== Material provided

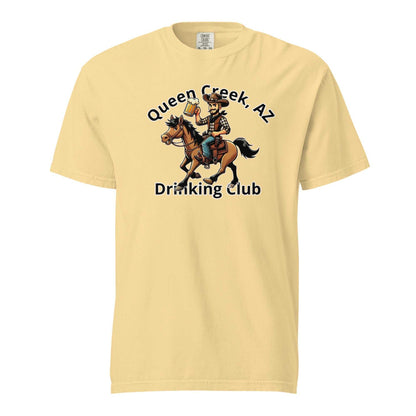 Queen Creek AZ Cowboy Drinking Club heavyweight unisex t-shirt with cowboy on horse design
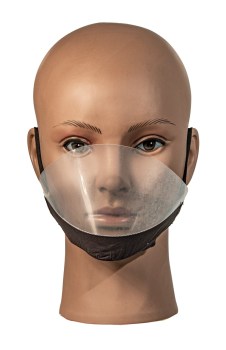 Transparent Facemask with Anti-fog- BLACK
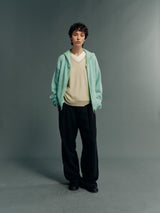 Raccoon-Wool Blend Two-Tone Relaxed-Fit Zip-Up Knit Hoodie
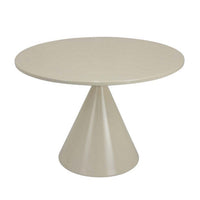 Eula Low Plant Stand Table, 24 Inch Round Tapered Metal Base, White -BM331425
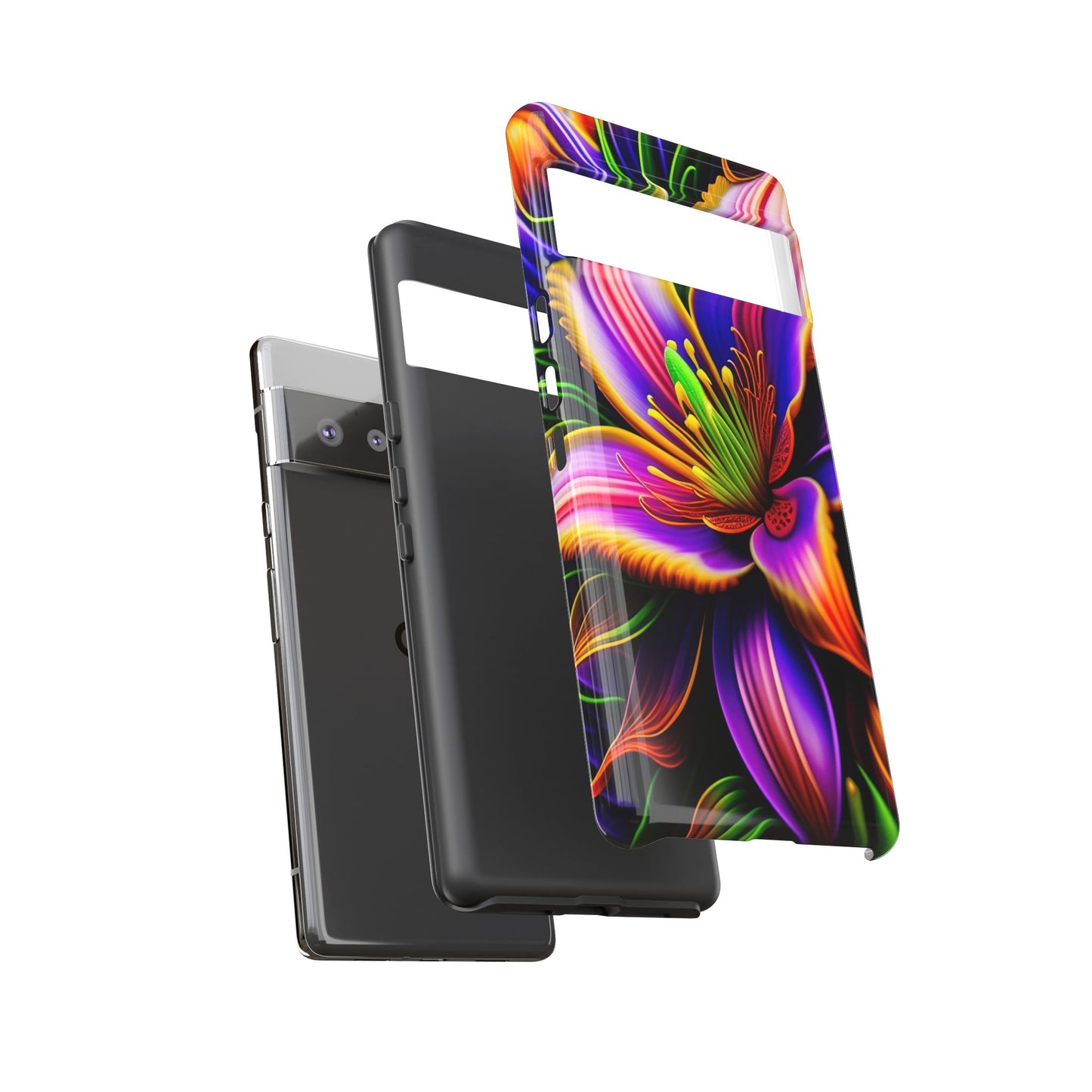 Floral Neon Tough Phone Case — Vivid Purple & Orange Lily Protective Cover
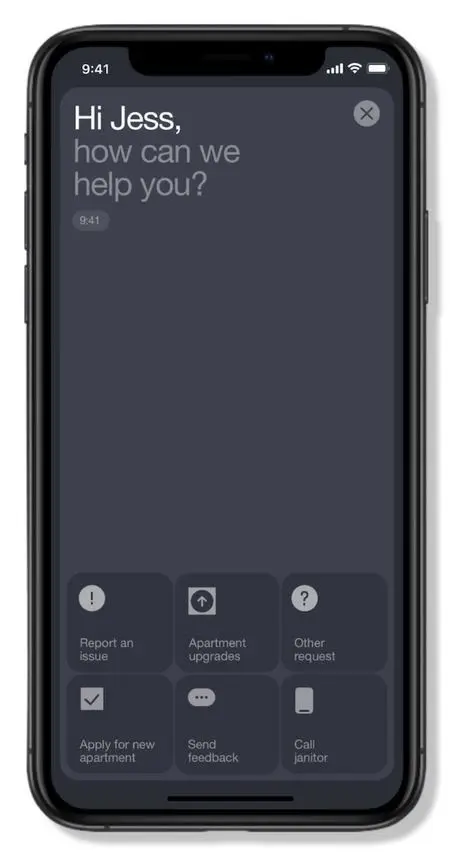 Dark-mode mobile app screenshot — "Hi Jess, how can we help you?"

====
== Material provided

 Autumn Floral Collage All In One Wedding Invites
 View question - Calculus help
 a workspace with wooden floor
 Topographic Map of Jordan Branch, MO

====
== Material provided

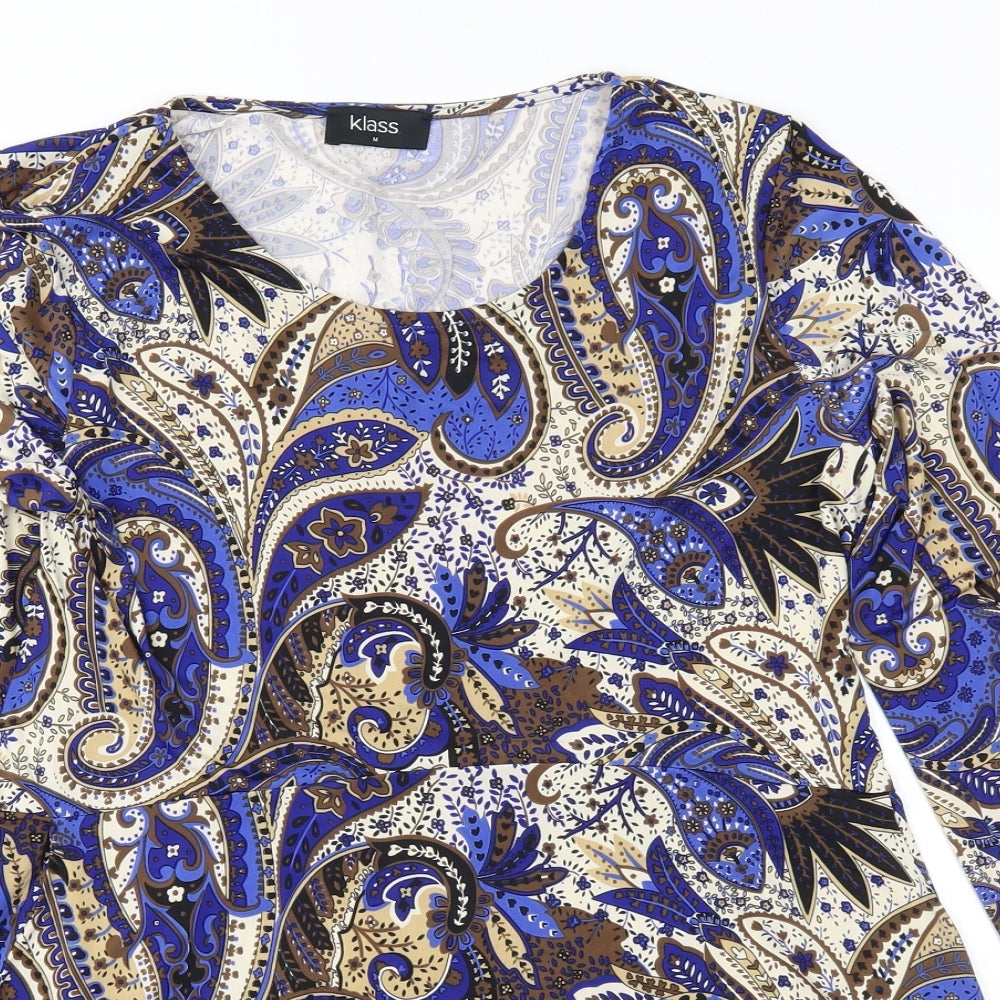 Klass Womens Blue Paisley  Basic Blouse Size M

====

## Work item:
An exact copy of the lines above from the one with "Queen Creek AZ" up to and including the one with "Dark-mode mobile app" is required; reproduce only those lines, omitting all pictures.

## Output:
 Queen Creek AZ Cowboy Drinking Club heavyweight unisex t-shirt with cowboy on horse design
 Transparent Facemask with Anti-fog- BLACK
 Raccoon-Wool Blend Two-Tone Relaxed-Fit Zip-Up Knit Hoodie
 Eula Low Plant Stand Table, 24 Inch Round Tapered Metal Base, White -BM331425
 Floral Neon Tough Phone Case — Vivid Purple & Orange Lily Protective Cover
 Dark-mode mobile app screenshot — "Hi Jess, how can we help you?"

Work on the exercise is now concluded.